Lawmakers approved a $14.6 billion bill to fund public schools, community colleges and universities in the next year.[1]\ The education bill increased higher education funding by three percent, but did not make up for the 15 percent cuts instituted in fiscal year 2012.[1] The omnibus budget bill became Public Act 200 of 2012. The education budget became Public Act 201 of 2012.

Education and health and human services comprised 75 percent of state budget spending.[2]

Budget highlights included:[1]

  • Raising the minimum per pupil funding amount from $6,846 to $6,966, a $120 increase;[3]
  • Increases for state police training;[1]
  • Increases in health care;[1]
  • Heat assistance for the poor;[1]
  • $130 million into the state's Rainy Day Fund, bringing the account to $505 million, its largest balance in more than a decade; and[1][4]
  • 3 percent increase in funding for community colleges and universities with performance metrics that keep college tuition down.[2]

Education budget

The education budget for fiscal year 2013 raised the minimum per pupil funding amount from $6,846 to $6,966, a $120 increase.[3]
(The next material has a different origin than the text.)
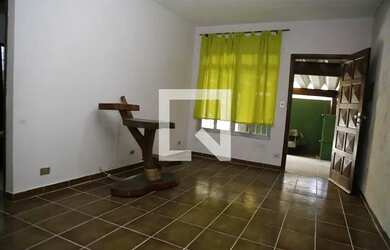 Imagem: A casa possui 3 Dormitórios, 2 Banheiros, 4 Vagas na garagem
For higher education, universities saw a three percent increase in funding, but the budget required universities to limit tuition and fee increases to no more than four percent. If schools exceeded that limit, they would lose part of their state funding. Increases included:[5]
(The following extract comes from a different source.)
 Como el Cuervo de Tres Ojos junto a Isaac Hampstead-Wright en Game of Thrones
  • $36 million increase for public universities, to a total of $1.4 billion in state funding; and[5]
  • Community colleges took $10.3 million more, for a total of $294 million.[5]

Legislative proposed budget

The State Senate and House of Representatives approved a $7.5 billion general fund budget, which covered 13 state agencies, on May 31, 2012. The House approved the budget by a vote of 61-49 and the Senate voted 20-16. The education budgets were separate from the general fund budget.[6]

Highlights of the legislative budget included:

  • An additional $25 million for film industry incentives, and the governor said he could agree to the increase;[6]
  • $44 million more for the Michigan State Police, including $18 million for additional troopers and enhanced services in high-crime areas, such as Detroit, Pontiac, Saginaw and Flint;
  • The Rainy Day Fund got a $140 million cash infusion, which could help the state boost its credit rating;
  • $10.8 million in The Department of Corrections budget to restructure the prison system.[6]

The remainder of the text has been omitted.